Recorded data:
•••••

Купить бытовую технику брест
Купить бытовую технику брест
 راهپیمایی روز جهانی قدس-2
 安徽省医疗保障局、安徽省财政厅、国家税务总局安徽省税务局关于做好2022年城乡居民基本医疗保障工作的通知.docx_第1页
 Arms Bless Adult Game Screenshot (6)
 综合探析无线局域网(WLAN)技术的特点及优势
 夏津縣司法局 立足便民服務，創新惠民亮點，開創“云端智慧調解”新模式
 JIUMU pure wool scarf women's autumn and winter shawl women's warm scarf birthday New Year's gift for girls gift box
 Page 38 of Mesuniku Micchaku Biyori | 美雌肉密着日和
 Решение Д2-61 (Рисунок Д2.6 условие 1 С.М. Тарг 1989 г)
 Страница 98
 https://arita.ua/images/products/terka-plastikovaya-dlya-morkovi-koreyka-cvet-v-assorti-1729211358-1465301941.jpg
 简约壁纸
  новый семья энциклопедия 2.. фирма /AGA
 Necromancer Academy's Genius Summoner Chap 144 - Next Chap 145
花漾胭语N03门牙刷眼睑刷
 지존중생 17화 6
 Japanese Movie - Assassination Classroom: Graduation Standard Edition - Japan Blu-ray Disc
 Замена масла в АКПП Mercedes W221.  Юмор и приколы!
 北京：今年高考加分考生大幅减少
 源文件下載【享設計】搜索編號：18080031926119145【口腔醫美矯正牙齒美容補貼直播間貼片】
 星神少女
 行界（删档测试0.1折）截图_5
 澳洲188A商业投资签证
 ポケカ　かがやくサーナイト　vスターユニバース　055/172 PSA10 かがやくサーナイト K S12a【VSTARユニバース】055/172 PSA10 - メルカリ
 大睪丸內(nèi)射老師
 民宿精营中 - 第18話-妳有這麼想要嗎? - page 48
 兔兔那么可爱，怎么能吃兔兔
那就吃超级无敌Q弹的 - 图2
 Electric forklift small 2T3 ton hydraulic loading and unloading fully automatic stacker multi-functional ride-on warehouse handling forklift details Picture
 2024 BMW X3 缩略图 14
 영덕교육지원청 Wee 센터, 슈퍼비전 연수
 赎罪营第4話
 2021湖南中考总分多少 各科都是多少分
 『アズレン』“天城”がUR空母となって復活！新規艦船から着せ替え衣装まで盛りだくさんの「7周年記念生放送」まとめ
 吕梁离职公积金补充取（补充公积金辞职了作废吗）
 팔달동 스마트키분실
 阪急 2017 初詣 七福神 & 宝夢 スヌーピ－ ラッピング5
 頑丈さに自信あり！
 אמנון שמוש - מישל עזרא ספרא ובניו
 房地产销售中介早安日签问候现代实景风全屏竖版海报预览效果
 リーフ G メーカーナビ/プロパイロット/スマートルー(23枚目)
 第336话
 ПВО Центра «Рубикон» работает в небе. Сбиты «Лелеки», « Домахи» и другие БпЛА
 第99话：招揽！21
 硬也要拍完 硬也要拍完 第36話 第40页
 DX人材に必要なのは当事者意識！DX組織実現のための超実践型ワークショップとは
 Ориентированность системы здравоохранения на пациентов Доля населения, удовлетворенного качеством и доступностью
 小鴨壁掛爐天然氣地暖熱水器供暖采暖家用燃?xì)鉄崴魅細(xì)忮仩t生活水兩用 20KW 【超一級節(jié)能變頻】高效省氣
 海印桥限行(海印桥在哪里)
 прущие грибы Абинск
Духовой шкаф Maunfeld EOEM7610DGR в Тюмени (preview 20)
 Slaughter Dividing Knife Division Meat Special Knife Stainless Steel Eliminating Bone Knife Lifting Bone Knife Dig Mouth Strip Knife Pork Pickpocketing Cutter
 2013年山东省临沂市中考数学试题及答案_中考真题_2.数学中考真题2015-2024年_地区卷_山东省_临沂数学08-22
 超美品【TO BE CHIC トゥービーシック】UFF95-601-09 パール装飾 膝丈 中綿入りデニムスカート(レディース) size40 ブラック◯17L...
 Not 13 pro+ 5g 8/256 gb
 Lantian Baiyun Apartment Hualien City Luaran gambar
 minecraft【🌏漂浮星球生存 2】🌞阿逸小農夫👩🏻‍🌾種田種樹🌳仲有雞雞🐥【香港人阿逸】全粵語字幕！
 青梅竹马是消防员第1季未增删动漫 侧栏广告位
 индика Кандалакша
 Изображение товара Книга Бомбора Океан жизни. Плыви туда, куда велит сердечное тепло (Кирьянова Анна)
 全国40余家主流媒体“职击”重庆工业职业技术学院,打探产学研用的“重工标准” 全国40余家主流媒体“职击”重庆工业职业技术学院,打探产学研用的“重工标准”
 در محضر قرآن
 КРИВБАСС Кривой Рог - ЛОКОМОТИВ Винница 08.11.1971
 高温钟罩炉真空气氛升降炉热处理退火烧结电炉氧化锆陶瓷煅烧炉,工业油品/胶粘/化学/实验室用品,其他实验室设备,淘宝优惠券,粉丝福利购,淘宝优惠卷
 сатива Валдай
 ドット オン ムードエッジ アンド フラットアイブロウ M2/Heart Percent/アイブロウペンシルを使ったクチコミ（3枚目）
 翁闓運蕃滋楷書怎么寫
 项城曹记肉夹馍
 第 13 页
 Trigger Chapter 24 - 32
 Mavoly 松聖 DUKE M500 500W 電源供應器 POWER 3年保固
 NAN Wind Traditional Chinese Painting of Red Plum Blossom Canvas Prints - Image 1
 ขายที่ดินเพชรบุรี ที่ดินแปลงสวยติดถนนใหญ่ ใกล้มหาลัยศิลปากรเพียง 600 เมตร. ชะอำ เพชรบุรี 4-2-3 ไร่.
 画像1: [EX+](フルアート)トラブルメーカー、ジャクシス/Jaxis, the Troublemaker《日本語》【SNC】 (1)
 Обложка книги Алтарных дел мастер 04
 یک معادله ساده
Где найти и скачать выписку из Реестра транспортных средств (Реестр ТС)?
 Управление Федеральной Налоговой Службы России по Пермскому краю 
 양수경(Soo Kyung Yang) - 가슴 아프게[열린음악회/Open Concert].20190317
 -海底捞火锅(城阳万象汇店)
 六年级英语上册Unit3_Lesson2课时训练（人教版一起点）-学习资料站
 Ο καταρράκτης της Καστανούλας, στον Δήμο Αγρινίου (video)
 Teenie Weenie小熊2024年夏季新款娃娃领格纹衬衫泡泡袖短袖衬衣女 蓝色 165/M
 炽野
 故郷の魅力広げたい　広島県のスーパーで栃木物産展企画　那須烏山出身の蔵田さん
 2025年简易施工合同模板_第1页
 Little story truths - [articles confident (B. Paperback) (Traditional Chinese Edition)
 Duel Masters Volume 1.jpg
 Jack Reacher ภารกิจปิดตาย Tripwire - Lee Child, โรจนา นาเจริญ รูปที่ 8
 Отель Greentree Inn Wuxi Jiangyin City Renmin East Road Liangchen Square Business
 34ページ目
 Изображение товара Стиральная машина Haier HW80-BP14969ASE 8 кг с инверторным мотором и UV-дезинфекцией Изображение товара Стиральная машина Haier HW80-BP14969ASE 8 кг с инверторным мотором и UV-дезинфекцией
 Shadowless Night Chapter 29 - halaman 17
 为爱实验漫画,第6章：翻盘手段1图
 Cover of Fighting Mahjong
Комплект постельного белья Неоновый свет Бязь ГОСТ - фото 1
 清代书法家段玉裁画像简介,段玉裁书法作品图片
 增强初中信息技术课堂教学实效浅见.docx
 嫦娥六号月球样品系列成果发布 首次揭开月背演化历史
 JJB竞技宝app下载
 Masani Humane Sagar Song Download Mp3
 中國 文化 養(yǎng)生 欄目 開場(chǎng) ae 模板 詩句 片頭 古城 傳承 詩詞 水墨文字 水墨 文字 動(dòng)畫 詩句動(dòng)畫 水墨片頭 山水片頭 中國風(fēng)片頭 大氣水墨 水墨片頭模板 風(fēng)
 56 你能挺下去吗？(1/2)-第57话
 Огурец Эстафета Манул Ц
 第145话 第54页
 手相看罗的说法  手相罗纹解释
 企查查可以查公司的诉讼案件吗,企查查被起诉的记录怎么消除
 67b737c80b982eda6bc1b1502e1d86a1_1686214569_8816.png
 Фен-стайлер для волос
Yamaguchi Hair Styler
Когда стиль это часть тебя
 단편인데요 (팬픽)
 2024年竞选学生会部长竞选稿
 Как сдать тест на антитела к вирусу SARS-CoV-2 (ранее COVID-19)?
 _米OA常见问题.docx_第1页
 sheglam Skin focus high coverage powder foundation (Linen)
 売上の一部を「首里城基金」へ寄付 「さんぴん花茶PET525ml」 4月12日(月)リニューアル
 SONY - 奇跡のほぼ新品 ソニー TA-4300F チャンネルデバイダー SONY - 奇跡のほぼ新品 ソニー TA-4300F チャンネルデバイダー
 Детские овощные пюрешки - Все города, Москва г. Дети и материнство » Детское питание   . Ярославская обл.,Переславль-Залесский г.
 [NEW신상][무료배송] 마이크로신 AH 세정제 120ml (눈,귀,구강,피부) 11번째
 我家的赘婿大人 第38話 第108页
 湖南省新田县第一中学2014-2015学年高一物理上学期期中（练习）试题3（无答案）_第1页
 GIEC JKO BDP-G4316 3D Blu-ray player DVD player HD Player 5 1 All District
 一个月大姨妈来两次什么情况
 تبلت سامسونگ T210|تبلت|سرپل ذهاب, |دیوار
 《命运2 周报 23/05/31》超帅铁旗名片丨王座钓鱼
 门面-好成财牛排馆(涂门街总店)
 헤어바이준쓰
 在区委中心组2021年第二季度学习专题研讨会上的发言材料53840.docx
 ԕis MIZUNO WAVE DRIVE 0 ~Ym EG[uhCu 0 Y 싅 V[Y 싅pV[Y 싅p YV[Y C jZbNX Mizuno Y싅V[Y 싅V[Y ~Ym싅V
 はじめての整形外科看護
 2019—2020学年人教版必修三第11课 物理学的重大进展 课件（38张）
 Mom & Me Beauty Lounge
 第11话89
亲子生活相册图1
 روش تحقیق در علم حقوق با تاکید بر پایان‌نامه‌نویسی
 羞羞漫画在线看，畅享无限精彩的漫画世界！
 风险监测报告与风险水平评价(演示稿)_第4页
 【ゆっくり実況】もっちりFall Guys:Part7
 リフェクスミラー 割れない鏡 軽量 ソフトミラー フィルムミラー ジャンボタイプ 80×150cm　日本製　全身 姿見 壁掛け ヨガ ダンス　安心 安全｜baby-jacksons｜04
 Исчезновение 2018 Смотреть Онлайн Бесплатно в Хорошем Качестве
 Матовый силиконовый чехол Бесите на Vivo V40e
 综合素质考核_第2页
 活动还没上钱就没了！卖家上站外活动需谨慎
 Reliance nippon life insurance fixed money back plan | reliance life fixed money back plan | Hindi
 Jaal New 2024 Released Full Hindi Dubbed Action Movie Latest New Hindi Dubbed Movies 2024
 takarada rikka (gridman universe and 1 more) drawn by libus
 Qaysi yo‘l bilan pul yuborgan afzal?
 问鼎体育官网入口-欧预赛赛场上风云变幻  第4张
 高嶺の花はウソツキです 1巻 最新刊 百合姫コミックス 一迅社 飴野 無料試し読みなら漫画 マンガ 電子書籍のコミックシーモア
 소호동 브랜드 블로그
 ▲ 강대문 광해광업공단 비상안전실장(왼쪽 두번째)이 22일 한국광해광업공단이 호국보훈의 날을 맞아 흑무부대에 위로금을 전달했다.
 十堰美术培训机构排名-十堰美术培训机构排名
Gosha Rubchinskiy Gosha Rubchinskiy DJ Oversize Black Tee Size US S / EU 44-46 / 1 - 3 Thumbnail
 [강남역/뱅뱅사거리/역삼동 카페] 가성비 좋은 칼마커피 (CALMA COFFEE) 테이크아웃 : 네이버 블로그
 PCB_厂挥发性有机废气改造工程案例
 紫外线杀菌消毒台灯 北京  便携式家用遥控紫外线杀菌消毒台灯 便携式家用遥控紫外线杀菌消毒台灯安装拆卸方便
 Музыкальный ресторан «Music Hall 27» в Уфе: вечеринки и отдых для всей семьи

•••••

Problem: In the material above, locate the line containing "Masani Humane Sagar Song Download Mp3" and the line containing "Детские овощные пюрешки". Transcribe exactly those two lines and every line between them, and nothing more.

Written response:
 Masani Humane Sagar Song Download Mp3
 中國 文化 養(yǎng)生 欄目 開場(chǎng) ae 模板 詩句 片頭 古城 傳承 詩詞 水墨文字 水墨 文字 動(dòng)畫 詩句動(dòng)畫 水墨片頭 山水片頭 中國風(fēng)片頭 大氣水墨 水墨片頭模板 風(fēng)
 56 你能挺下去吗？(1/2)-第57话
 Огурец Эстафета Манул Ц
 第145话 第54页
 手相看罗的说法  手相罗纹解释
 企查查可以查公司的诉讼案件吗,企查查被起诉的记录怎么消除
 67b737c80b982eda6bc1b1502e1d86a1_1686214569_8816.png
 Фен-стайлер для волос
Yamaguchi Hair Styler
Когда стиль это часть тебя
 단편인데요 (팬픽)
 2024年竞选学生会部长竞选稿
 Как сдать тест на антитела к вирусу SARS-CoV-2 (ранее COVID-19)?
 _米OA常见问题.docx_第1页
 sheglam Skin focus high coverage powder foundation (Linen)
 売上の一部を「首里城基金」へ寄付 「さんぴん花茶PET525ml」 4月12日(月)リニューアル
 SONY - 奇跡のほぼ新品 ソニー TA-4300F チャンネルデバイダー SONY - 奇跡のほぼ新品 ソニー TA-4300F チャンネルデバイダー
 Детские овощные пюрешки - Все города, Москва г. Дети и материнство » Детское питание   . Ярославская обл.,Переславль-Залесский г.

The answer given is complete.